What is expected> Without the images, print all the entries below exactly as given.

Provided entries>
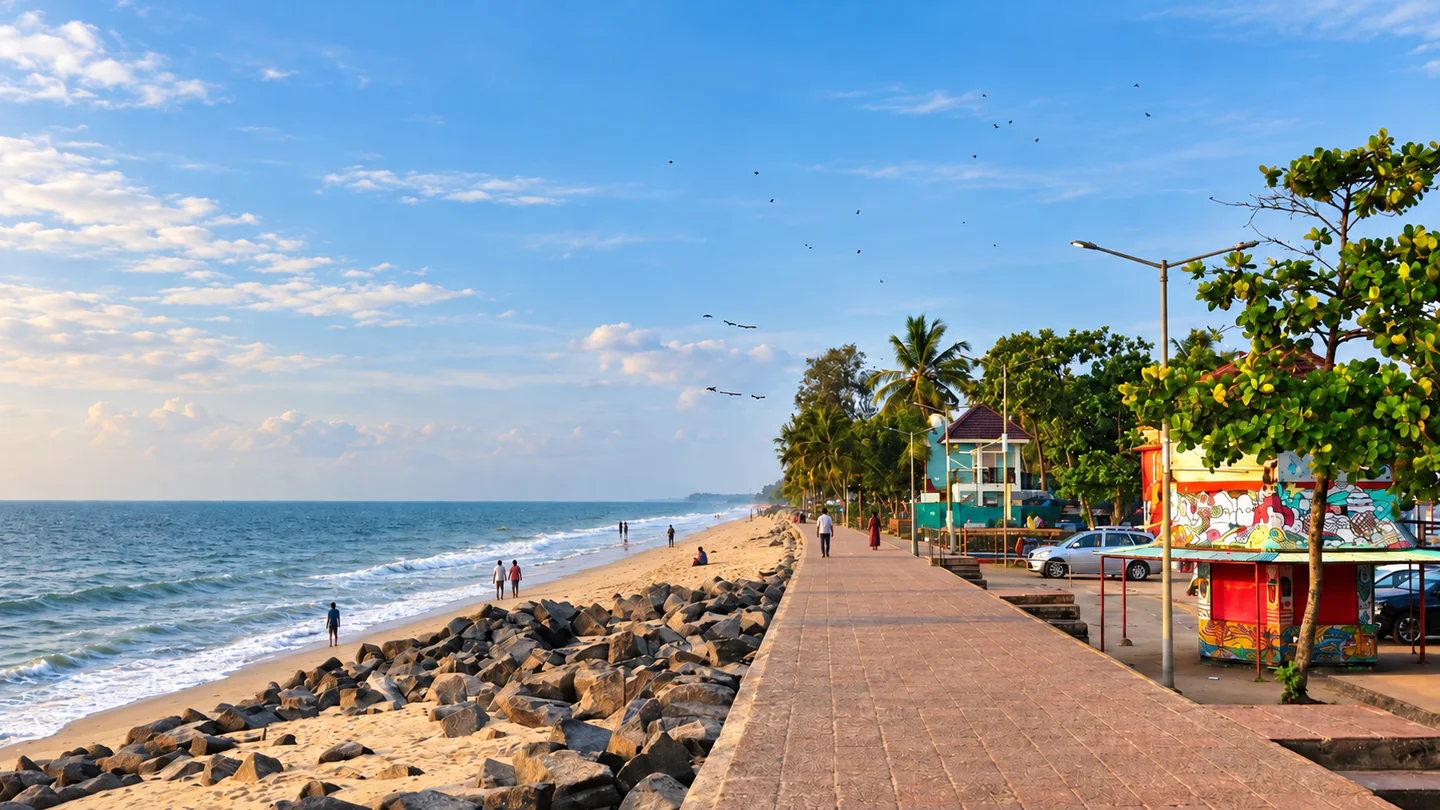 Cherai Beach and its promenade with a lightly visited shoreline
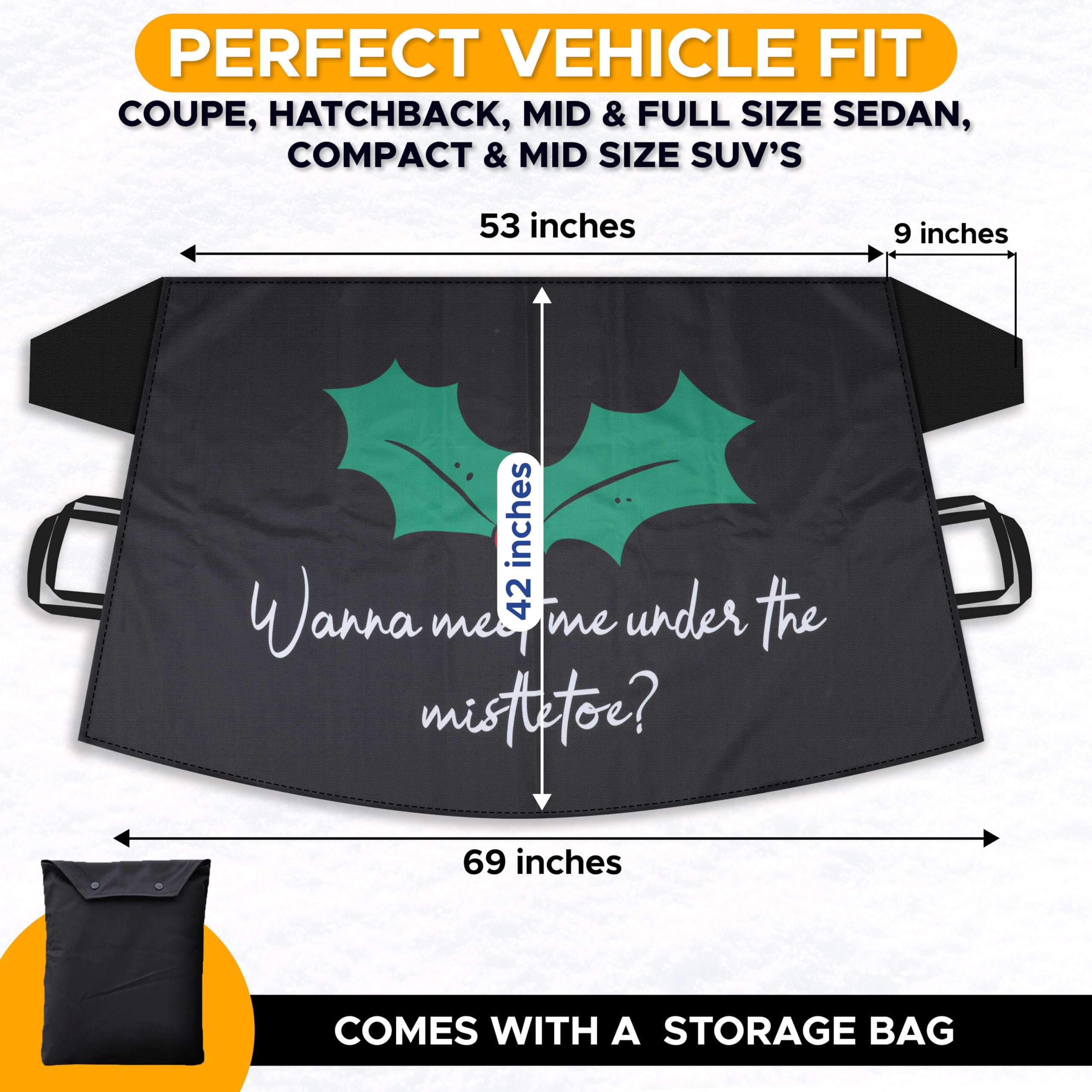 EcoNour Car Windshield Snow Cover For Decor | Reliable 600D Polyester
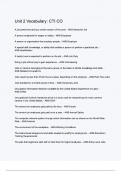 Unit 2 Vocabulary CTI CO exam questions with correct answers with complete A&plus;solution 2024&sol;2025 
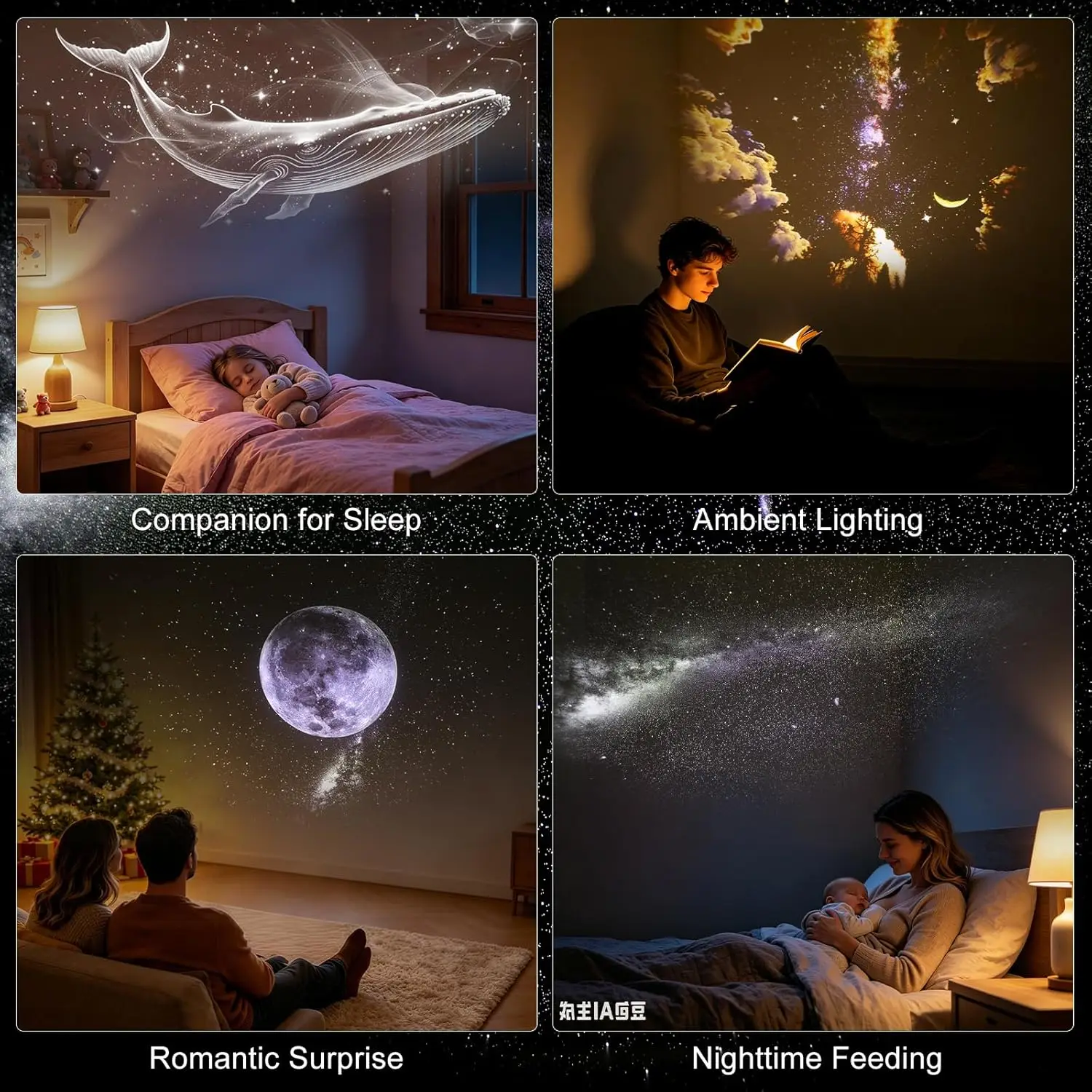 2-in-1 Galaxy Projector Night Light,USB Portable Starry Sky for Bedroom 360° Rotating Mini LED Nightlight Wall Lamp Film Discs view 5
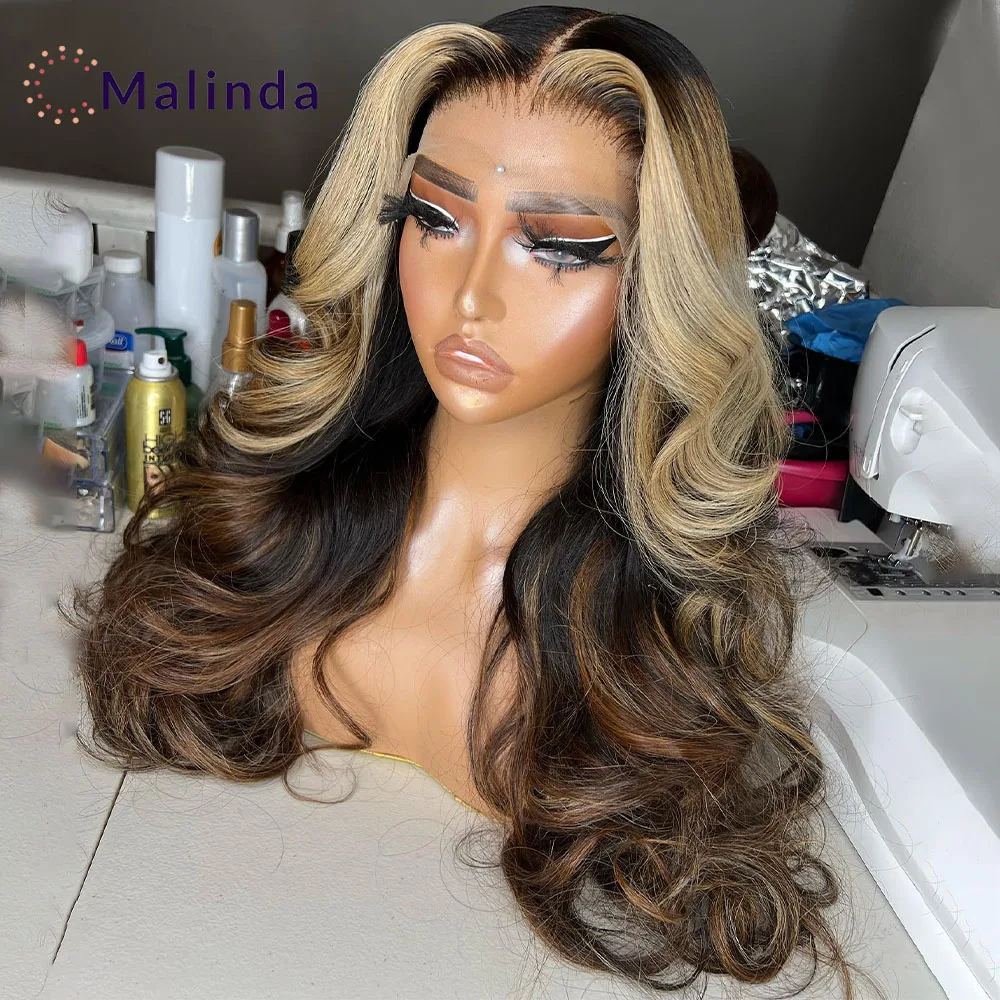 Honey Blonde Body Wave Ombre 1b/4/27 Colored Wig 13x4 Transparent Lace Front Glueless Human Hair Wig Pre plucked Ready To Wear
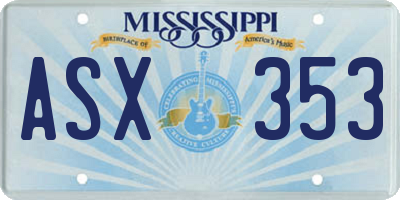 MS license plate ASX353
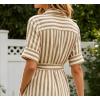 image:imageCHARTOU Womens Striped Shirt Dress Long Sleeve Casual Summer Dresses Button Down Belted Midi Dress with PocketsMocha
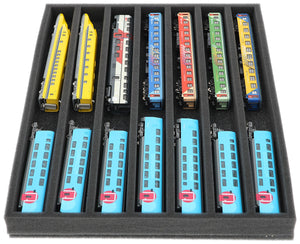 FS035A001 Schaumstoffeinlage Spur N - liegend - 7 Stege für Modelleisenbahn Loks, Wagons und Fahrzeuge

Solution for this problem>
 Cherai Beach and its promenade with a lightly visited shoreline
 EcoNour Car Windshield Snow Cover For Decor | Reliable 600D Polyester
 Unit 2 Vocabulary CTI CO exam questions with correct answers with complete A&plus;solution 2024&sol;2025 
 2-in-1 Galaxy Projector Night Light,USB Portable Starry Sky for Bedroom 360° Rotating Mini LED Nightlight Wall Lamp Film Discs view 5
 Honey Blonde Body Wave Ombre 1b/4/27 Colored Wig 13x4 Transparent Lace Front Glueless Human Hair Wig Pre plucked Ready To Wear
 MS license plate ASX353
 image:imageCHARTOU Womens Striped Shirt Dress Long Sleeve Casual Summer Dresses Button Down Belted Midi Dress with PocketsMocha
 FS035A001 Schaumstoffeinlage Spur N - liegend - 7 Stege für Modelleisenbahn Loks, Wagons und Fahrzeuge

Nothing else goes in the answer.